The Gangsterization of America

For many years, conservatives have claimed the country should be run like a business, by a businessman. The presidency of Donald Trump is their wish come true. Is anyone genuinely surprised that he would treat the law as a personal prop, to ignore or to use at whim, in exactly the way a power-tripping businessman would do — what Cornel West’s calls “the full-scale gangsterization of the world”?

In past administrations, the legal order was the medium of power and cruelty, but also their limitation. Trump has peeled back this façade to reveal the ugly, rotten germ of authoritarianism that was latent all along — the impulse for a strongman who gets things done, no matter what. Trumpism is what happens when the best the ruling class can vomit up is the sniveling face of a petty billionaire.

So when a reptile like Yoo expresses their half-assed misgivings about Trump, it calls to mind an important lesson about the American system. There is a through line that extends from previous presidents right to Donald Trump, which no constitution-minded critic has any right to ignore. Despite the alarming ways he might misuse or abuse his power, we shouldn’t harbor any illusions that a return to the “rule of law” will save us.

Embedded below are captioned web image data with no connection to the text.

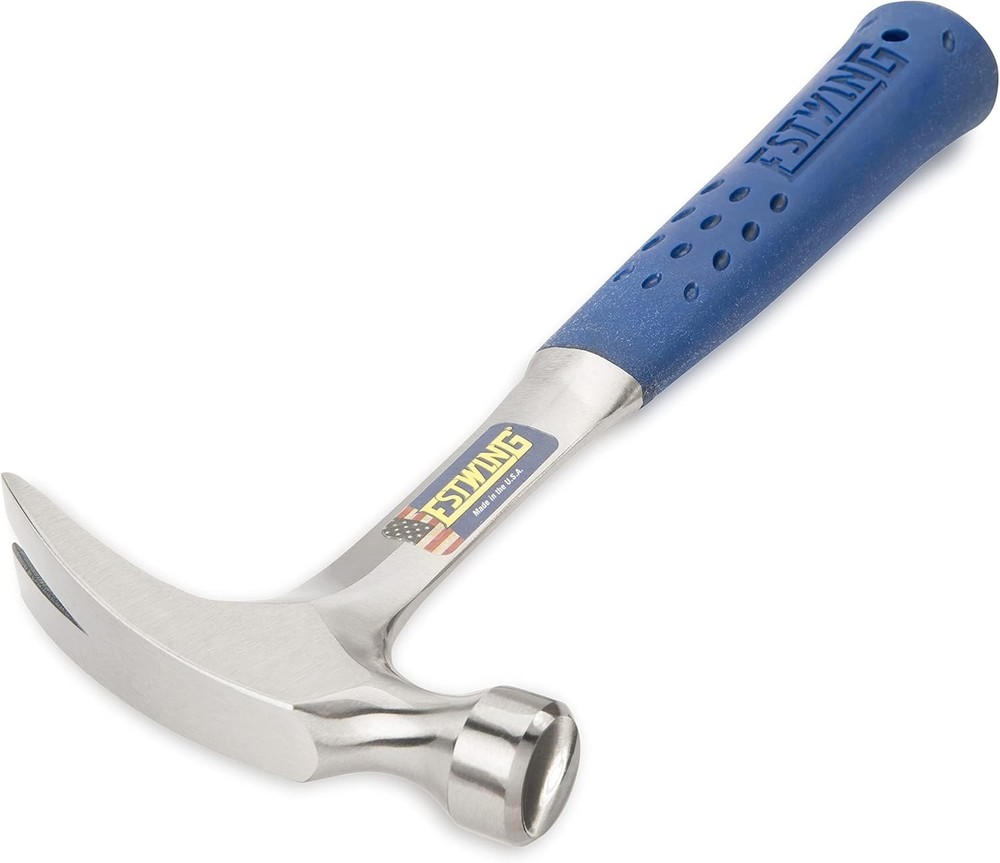 Reliable Shock Reduction Grip Hammer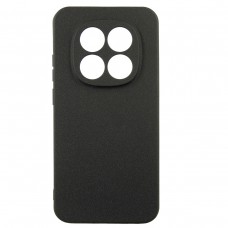 Чохол-накладка Dengos Carbon для Xiaomi Redmi Note 15 Pro 5G Black (DG-TPU-CRBN-253)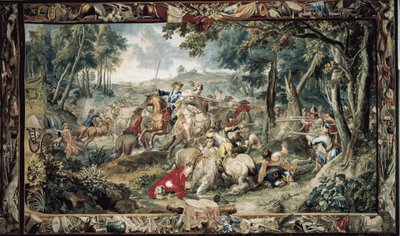 Ambusch av Jerome Le Clerc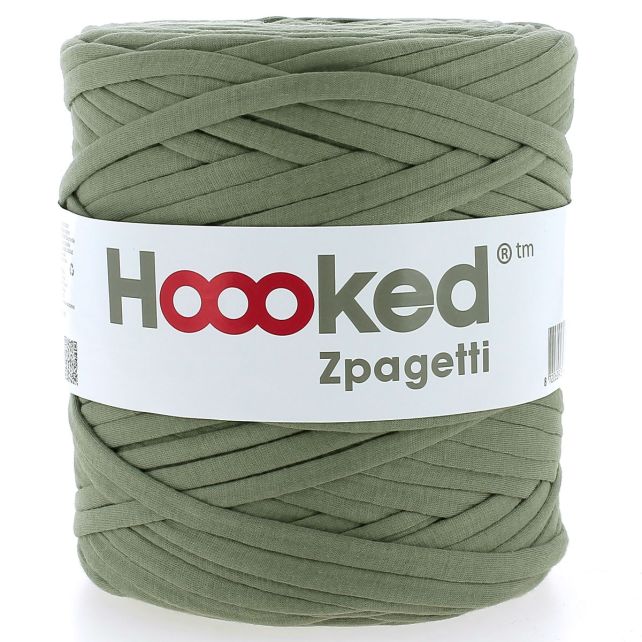 Zpagetti Cotton Yarn Branche D'Oilivier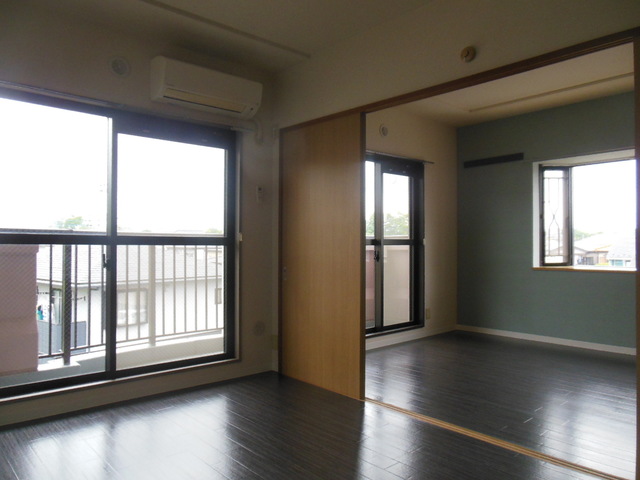 クレセールＫ0306号室 南洋室①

The thing about the rule of the bourgeoisie is that it is just that — the way the bourgeoisie rule. As an instrument of capital and empire, the law could be read or stretched to allow all sorts of thuggery and mischief. And as the crises of US hegemony grow and magnify, it perpetuates the urge toward more expansive power and brutality. The “rule of law” was nurturing the seeds of its own abuse.

In the coming months and years, the legal front will be an indispensable part of the struggle against Trumpism. The unlawful conduct of Trump’s presidency should be watched and fought vigorously.

But we should not content ourselves with formalistic checks against the most obscene expressions of power. We need a genuine, transformative, and radical mass politics to confront capital and empire head-on. For there is nothing innately good or bad about the “rule of law,” except how it is used. Because at the end of the day, the court answers to the king.